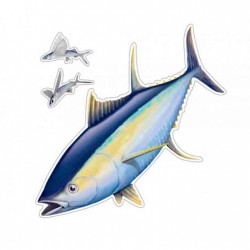 Salty Bones Indoor/Outdoor Sticker Yellowfin Tuna
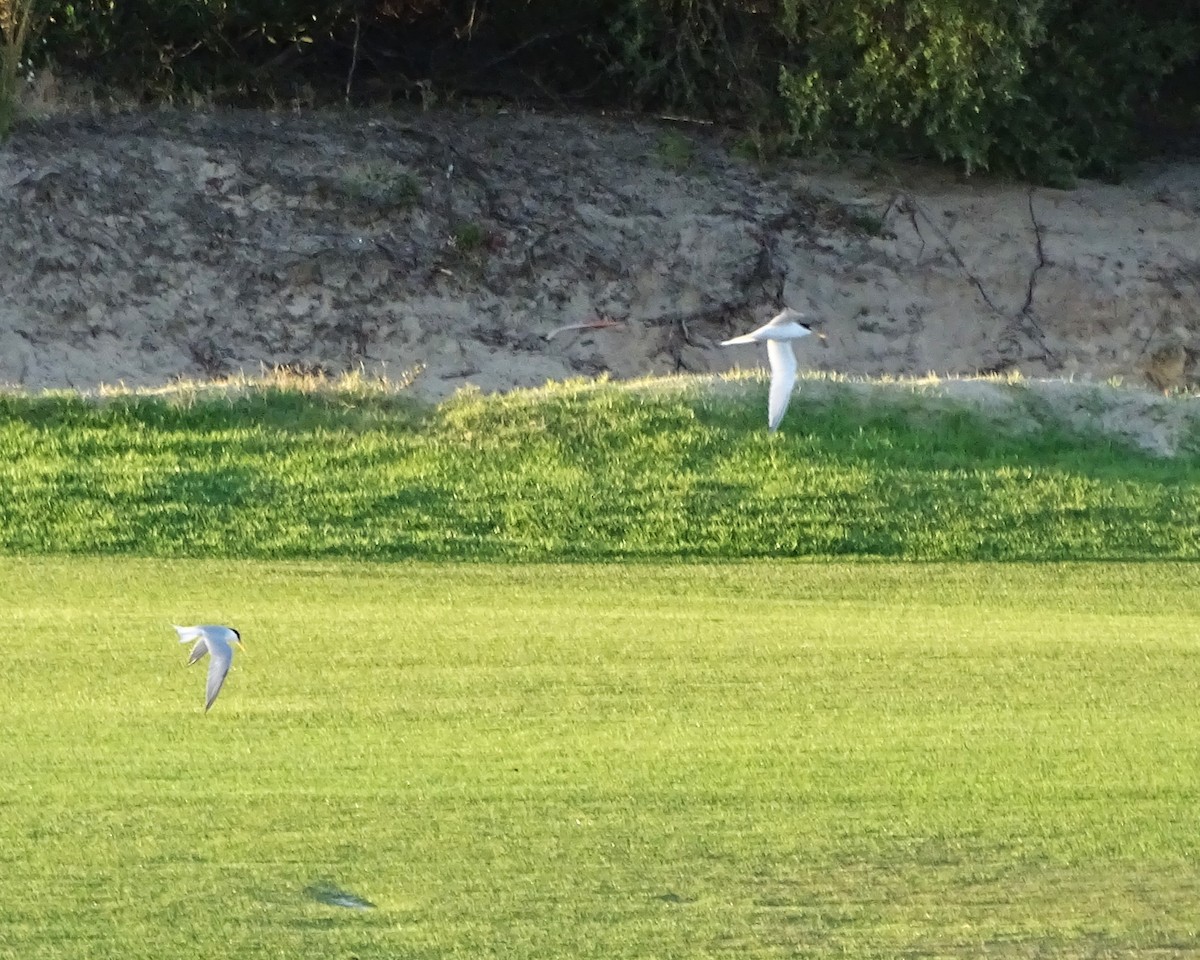 Txenadatxo arrunta - ML646289009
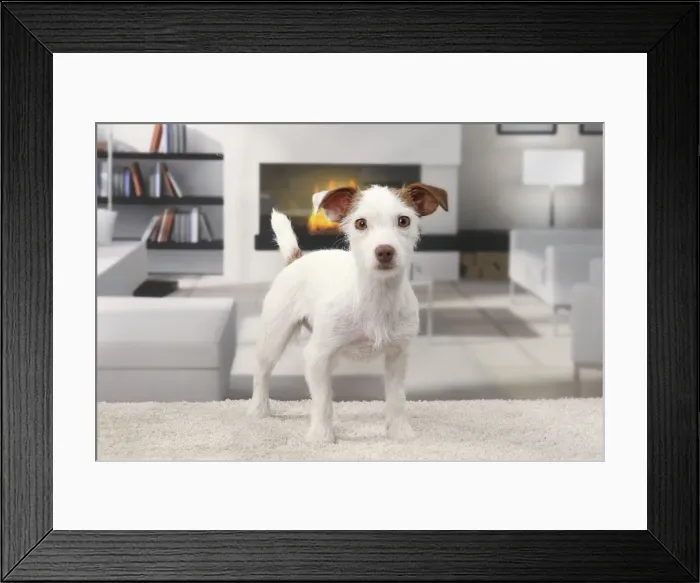 Framed Print : Picture No. 11770785 Framed Print : Picture No. 11770785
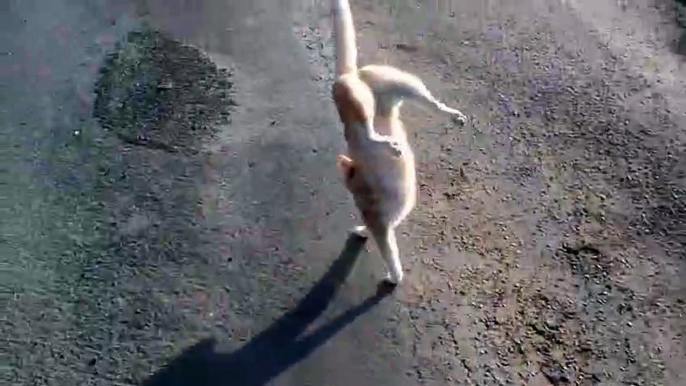 Amazing cat walking on its front legs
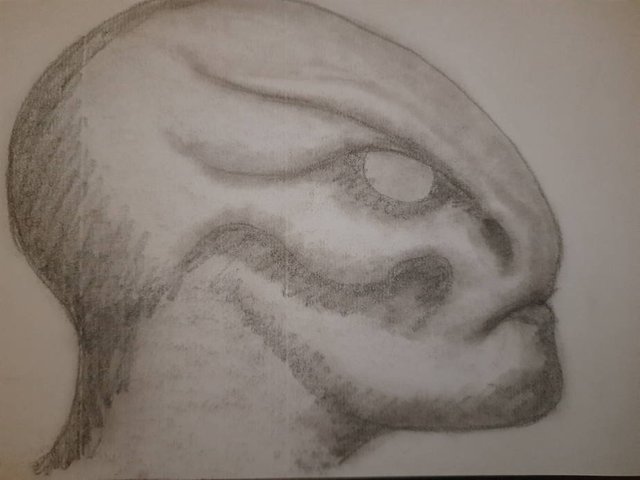 20250710_110146.jpg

++++

TASK BRIEF ▸
Once the pictures are removed, output the entries above exactly as given.

EXERCISE RESULT ▸
 Salty Bones Indoor/Outdoor Sticker Yellowfin Tuna
 Txenadatxo arrunta - ML646289009
 Framed Print : Picture No. 11770785 Framed Print : Picture No. 11770785
 Amazing cat walking on its front legs
 20250710_110146.jpg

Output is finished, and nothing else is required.